On Wednesday, January 23rd, at the Tuscawilla Prairie, the U.S. Fish and Wildlife Service captured a 3½ -year-old female Whooping Crane wearing blue-over-yellow leg bands. Born in Lake County in 2015 – one of only a few Whooping Cranes hatched from a wild nest in Florida – she was about a year old when she found her way to the Evinston-Micanopy area. She remained there for the next two years, occasionally making brief forays to local crane hangouts like Paynes Prairie or the Kanapaha Prairie, and she was often seen by drivers on US-441 as she foraged among the marshy potholes of Tuscawilla. Because her chances of finding a mate there or anywhere else in North Florida were nil, it was decided to relocate her and some other unmated Florida Whooping Cranes to White Lake Wetlands Conservation Area in southwest Louisiana. There she’ll join a population of non-migratory cranes that currently numbers 59, and there, hopefully, she’ll find a mate and get down to the important work of making more Whooping Cranes. White Lake Wetlands, which is more than three times the size of Paynes Prairie Preserve State Park, supported a breeding population of wild Whooping Cranes as recently as the 1940s. It seems a promising place for such a project.

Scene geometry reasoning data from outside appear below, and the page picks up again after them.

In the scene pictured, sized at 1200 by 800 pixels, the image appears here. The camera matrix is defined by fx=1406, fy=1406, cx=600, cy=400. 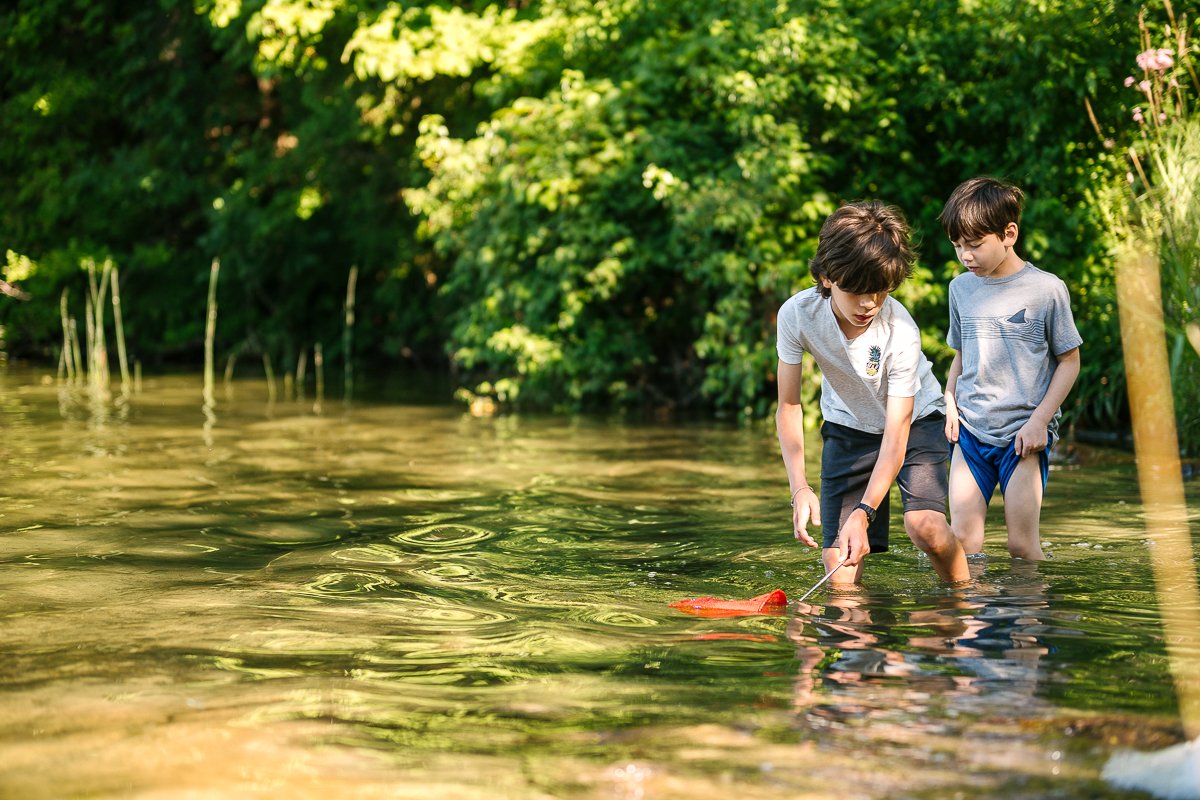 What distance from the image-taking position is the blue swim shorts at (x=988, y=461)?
580 cm

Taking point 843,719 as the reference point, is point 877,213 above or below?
above

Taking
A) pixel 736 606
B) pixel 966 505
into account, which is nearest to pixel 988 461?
pixel 966 505

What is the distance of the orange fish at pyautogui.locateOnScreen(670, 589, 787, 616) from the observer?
5184 mm

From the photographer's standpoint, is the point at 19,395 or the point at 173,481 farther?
the point at 19,395

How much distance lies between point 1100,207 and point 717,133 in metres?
3.90

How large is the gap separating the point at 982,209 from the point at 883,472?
124 centimetres

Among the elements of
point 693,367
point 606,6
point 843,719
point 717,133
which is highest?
point 606,6

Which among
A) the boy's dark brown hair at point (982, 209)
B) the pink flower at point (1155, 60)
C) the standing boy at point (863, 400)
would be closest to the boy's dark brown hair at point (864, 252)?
the standing boy at point (863, 400)

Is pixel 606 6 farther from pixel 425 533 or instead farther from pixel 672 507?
pixel 425 533

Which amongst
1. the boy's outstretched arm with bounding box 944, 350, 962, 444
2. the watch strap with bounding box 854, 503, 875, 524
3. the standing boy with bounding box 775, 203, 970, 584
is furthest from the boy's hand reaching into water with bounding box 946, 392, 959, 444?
the watch strap with bounding box 854, 503, 875, 524

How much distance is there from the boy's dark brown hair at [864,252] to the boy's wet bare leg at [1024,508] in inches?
49.6

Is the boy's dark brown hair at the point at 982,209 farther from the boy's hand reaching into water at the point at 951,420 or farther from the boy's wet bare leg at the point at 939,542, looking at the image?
the boy's wet bare leg at the point at 939,542

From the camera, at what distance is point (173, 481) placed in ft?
29.1

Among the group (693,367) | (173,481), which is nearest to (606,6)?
(693,367) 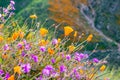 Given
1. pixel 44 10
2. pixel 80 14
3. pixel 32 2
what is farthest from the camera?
pixel 32 2

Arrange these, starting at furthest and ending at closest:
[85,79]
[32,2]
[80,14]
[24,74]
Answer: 1. [32,2]
2. [80,14]
3. [85,79]
4. [24,74]

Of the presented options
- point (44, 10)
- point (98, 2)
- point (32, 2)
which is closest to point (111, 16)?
point (98, 2)

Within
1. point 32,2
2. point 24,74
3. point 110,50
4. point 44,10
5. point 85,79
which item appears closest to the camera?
point 24,74

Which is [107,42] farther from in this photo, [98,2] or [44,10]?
[44,10]

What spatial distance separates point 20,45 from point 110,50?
1925 centimetres

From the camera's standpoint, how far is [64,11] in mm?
23156

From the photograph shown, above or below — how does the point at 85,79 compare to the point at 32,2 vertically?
below

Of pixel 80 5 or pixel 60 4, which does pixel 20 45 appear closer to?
pixel 60 4

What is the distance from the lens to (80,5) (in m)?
24.6

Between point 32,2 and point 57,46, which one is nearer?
point 57,46

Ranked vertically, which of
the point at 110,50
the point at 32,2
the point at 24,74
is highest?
the point at 32,2

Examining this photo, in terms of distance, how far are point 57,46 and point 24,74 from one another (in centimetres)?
54

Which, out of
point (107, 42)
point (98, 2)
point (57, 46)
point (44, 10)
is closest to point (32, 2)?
point (44, 10)

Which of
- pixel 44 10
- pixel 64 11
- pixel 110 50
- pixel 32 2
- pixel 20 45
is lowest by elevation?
pixel 20 45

Our other resident bird, identifiable by blue-over-silver leg bands and known to biologists as “1644,” was also a female. She was hatched in 2006 in Lake County by captive-reared cranes that had been released in central Florida in the 1990s – like the Tuscawilla bird, she was the product of a wild nest. She visited Alachua County for the first time in 2009, and liked it so well that she returned every year thereafter. In spring 2015 she decided to stick around. Beginning in June of that year and continuing through February 2017, she could be seen almost every day from the observation tower at the end of the La Chua Trail. In March of 2017 she relocated to Sweetwater Wetlands Park, where she spent the month thrilling visitors at very close range. And then … we don’t know. A crane was sighted near the Paynes Prairie visitor center in April and June, but its identifying leg bands could not be seen, so it might have been the Tuscawilla bird. There have been no positive sightings of 1644 since April 11, 2017. We can only hope she’s still alive somewhere.

As for Tuscawilla, we wish her many more years of life and many offspring. But it’s sad to realize that, for the first time since June 2015, Alachua County’s resident Whooping Crane population is zero.